2006-12-12 21:18:00 · 4 answers · asked by Anonymous in Science & Mathematics ➔ Mathematics
Since i = cosπ/2 + isin(π/2)
= e^(iπ/2)
then
i^i = (e^(iπ/2))^i
= e^(i²π/2)
= e^(-π/2) (which certainly is a real number!!)
(≈ 0.20788)
To extend this notion even further:
In fact i = cos (π/2 + 2nπ) + isin(π/2 + 2nπ) where n = any integer
= e^i(π/2 + 2nπ)
Thus i^i = (e^i(π/2 + 2nπ))^i
= e^(i²(π/2 + 2nπ))
= e^(-(π/2 + 2nπ))
= e^(-(4n + 1)π/2) where n is any integer
So i^i = ....., e^(7π/2), e^(3π/2), e^(-π/2), e^(-5π/2), .....

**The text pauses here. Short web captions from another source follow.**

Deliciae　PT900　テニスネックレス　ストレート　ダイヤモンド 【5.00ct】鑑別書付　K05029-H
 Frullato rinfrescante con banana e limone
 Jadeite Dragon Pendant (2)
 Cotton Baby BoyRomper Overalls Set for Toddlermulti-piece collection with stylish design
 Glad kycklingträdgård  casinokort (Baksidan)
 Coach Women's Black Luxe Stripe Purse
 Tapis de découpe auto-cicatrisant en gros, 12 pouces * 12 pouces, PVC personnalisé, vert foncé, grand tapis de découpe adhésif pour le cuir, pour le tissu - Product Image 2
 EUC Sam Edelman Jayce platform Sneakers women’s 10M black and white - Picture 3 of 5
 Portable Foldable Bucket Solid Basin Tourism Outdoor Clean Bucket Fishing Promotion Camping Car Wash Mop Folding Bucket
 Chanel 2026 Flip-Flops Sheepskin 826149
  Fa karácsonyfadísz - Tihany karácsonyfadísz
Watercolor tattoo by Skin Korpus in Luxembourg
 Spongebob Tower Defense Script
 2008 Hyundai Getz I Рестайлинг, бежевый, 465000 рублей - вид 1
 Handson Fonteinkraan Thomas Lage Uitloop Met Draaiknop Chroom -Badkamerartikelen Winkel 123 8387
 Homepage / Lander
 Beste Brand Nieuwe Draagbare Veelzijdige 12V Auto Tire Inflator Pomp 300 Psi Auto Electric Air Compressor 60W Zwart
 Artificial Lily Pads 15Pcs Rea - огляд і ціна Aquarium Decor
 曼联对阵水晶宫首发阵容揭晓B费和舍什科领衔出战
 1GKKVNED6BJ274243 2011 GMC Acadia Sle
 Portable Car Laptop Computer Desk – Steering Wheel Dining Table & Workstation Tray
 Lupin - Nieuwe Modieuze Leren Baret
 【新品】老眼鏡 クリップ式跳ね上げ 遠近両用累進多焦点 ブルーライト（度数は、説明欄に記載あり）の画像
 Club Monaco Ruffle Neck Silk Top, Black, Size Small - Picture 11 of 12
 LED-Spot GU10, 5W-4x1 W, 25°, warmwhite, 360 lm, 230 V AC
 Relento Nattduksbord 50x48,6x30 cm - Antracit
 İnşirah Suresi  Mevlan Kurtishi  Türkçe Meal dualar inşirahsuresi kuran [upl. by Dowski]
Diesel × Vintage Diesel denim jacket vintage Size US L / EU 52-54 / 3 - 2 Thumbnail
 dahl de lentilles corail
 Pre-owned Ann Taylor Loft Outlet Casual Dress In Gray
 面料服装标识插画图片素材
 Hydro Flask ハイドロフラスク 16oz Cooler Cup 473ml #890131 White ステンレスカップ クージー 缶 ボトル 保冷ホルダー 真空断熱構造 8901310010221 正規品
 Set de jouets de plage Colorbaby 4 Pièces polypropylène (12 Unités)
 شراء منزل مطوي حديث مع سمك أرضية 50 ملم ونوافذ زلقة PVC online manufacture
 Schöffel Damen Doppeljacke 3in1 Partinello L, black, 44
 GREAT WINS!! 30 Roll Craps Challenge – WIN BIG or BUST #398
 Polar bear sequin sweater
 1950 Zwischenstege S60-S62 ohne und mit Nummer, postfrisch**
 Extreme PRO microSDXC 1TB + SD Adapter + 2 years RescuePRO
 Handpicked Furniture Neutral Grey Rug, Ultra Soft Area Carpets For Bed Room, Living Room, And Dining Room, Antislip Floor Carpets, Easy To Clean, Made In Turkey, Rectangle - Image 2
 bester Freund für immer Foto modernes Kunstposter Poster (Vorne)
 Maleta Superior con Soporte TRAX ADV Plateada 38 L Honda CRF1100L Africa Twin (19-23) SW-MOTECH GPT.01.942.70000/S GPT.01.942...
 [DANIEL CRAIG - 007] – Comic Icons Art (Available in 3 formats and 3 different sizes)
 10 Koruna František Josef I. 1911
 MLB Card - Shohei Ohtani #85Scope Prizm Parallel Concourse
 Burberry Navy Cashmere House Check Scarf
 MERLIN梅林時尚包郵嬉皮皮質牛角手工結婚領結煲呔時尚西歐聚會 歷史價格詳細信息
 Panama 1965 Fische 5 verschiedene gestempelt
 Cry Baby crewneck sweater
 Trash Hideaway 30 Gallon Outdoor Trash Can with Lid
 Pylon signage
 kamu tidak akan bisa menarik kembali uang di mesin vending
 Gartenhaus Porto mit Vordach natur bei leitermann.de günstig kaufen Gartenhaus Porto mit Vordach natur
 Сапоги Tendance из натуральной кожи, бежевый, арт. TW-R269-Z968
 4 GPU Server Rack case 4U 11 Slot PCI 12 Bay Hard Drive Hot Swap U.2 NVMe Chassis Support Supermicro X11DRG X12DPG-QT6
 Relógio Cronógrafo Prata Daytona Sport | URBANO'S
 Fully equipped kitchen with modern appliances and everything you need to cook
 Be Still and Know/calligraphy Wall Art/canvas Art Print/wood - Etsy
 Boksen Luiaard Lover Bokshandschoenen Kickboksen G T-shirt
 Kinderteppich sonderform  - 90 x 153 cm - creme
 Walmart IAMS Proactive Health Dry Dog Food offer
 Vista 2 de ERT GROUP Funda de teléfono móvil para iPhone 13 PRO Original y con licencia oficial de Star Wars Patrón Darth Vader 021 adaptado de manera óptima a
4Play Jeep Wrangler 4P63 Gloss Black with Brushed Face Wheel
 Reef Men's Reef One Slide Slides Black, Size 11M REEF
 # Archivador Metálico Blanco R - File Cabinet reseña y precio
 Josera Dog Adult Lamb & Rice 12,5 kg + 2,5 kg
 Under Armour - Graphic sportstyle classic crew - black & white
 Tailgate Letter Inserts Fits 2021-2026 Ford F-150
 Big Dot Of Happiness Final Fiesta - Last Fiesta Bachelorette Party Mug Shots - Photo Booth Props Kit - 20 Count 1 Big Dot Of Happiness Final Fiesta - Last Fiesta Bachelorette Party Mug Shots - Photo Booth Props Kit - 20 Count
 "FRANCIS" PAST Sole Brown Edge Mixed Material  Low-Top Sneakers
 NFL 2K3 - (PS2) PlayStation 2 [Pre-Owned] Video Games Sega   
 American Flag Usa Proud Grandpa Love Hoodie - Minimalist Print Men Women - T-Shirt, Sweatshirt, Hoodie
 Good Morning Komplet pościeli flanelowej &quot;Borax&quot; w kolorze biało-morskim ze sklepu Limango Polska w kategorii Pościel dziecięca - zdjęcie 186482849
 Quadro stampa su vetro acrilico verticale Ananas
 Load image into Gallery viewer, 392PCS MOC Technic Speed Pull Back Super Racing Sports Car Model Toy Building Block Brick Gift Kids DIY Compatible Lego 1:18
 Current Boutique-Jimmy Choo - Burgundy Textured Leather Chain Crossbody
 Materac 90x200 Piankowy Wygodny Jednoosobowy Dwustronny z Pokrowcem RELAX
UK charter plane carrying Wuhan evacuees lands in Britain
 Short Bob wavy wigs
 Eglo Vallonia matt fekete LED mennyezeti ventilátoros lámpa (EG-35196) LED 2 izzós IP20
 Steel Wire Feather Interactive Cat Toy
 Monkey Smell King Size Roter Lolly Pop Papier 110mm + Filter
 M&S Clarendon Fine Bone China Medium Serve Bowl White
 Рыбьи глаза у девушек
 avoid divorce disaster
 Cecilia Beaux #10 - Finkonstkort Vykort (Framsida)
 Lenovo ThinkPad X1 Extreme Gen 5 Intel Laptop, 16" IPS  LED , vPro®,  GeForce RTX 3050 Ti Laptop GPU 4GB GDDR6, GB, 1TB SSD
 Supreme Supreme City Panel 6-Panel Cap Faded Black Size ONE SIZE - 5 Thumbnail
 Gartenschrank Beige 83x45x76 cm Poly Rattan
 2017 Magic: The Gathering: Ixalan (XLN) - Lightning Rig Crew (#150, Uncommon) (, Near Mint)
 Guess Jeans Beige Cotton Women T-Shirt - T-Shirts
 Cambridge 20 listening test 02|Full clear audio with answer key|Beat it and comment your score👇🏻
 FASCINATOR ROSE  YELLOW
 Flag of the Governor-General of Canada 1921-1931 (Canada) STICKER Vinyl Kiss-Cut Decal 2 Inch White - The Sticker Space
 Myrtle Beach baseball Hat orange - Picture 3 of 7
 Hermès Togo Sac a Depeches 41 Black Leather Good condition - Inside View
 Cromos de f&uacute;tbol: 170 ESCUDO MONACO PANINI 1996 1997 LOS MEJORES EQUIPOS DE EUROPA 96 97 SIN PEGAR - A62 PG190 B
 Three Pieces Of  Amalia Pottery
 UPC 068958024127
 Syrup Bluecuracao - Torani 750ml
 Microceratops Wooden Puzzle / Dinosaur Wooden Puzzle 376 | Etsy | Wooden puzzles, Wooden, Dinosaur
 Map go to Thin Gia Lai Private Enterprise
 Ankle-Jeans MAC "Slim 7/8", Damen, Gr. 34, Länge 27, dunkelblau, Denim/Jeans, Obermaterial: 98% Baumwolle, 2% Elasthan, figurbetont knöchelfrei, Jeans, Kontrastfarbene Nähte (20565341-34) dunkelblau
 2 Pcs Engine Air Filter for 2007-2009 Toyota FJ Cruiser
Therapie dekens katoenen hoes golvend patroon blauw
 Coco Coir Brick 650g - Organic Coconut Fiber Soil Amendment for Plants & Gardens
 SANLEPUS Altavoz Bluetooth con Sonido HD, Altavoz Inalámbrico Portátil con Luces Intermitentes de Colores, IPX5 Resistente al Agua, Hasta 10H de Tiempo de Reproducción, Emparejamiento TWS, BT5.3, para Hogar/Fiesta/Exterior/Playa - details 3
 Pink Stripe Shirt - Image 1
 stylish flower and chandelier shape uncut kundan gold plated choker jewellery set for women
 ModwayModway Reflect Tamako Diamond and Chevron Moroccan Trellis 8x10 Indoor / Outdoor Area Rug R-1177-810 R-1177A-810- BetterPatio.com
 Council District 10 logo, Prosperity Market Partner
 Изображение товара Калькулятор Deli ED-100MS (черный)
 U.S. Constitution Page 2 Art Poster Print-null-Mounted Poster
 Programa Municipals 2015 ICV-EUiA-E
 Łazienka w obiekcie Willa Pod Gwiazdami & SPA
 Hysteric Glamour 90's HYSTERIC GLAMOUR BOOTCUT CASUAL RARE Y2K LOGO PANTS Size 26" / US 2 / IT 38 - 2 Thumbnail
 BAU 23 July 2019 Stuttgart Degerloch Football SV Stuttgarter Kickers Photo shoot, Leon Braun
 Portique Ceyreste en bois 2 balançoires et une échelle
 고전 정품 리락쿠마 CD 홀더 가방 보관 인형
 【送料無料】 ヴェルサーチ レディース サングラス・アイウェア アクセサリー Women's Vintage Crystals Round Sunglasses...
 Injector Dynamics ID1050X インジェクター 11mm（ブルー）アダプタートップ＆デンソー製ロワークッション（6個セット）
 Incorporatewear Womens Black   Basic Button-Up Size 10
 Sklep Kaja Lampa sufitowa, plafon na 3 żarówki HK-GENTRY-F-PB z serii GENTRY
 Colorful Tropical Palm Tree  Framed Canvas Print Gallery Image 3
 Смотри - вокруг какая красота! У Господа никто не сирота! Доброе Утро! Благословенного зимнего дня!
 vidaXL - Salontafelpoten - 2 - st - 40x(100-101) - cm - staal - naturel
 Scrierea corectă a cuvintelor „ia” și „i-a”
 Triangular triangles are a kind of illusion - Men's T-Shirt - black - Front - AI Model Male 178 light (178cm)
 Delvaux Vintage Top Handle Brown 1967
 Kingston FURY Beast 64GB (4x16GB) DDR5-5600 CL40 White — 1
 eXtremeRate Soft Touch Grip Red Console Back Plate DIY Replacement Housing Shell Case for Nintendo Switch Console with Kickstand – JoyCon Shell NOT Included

(≈ ....., 59609.74, 111.32, 0.20788, 0.0003882 .......)
ie it is multivalued with an infinite number of values and with all its values in geometric progression BOTH ways from e^(-π/2) (≈ 0.20788) with a common ratio of e^(2π) (≈ 535.4917)
2006-12-12 21:34:54 · answer #1 · answered by Wal C 6 · 2⤊ 0⤋
This question is not as straightforward as it looks because the complex functions involved are multi-valued, and the problem of selecting a continuous branch arises.
First of all, z^w must be defined, and this can be done by
z^w := exp(w ln(z))
which raises the question of what exactly is ln(z). Since z = |z|exp(i arg(z)), the log can be defined by
ln(z) := ln|z| + i arg(z)
(where ln|z| is the usual real log of the modulus). This reduces the question to choosing a continuous branch of the argument function. This cannot be done on the entire complex plane, but it can be done after removing any half-line that starts at the origin. The "usual" choice is to remove the negative real half-line, that is, to give up on defining the complex log of negative numbers. Then by arg(z) we mean the value of the argument that lies in (-Pi, Pi), often called the principal argument. Then z^w is defined and continuous (and actually holomorphic) for every complex w and z, except for a zero or negative z. In particular
i^i = exp(i ln(i)) = exp(i*iPi/2) = exp(-Pi/2)
which is real.
Note: Instead of giving up on defining the complex logs of negative numbers, we could have equally well given up on the positive numbers (unusual though this would be), by taking a branch of arg in (0, 2Pi). Then the complex logs of negative numbers would have been well defined, e.g. logarithm(-1) = iPi.
2006-12-13 06:15:29 · answer #2 · answered by Anonymous · 0⤊ 0⤋
Absolutely!!!
if the square root of -1 is i, then i^i is most definately -1 which is a real number.
2006-12-13 05:45:26 · answer #3 · answered by Anonymous · 0⤊ 4⤋
Wal C is absolutely correct.
2006-12-13 05:53:50 · answer #4 · answered by Northstar 7 · 0⤊ 0⤋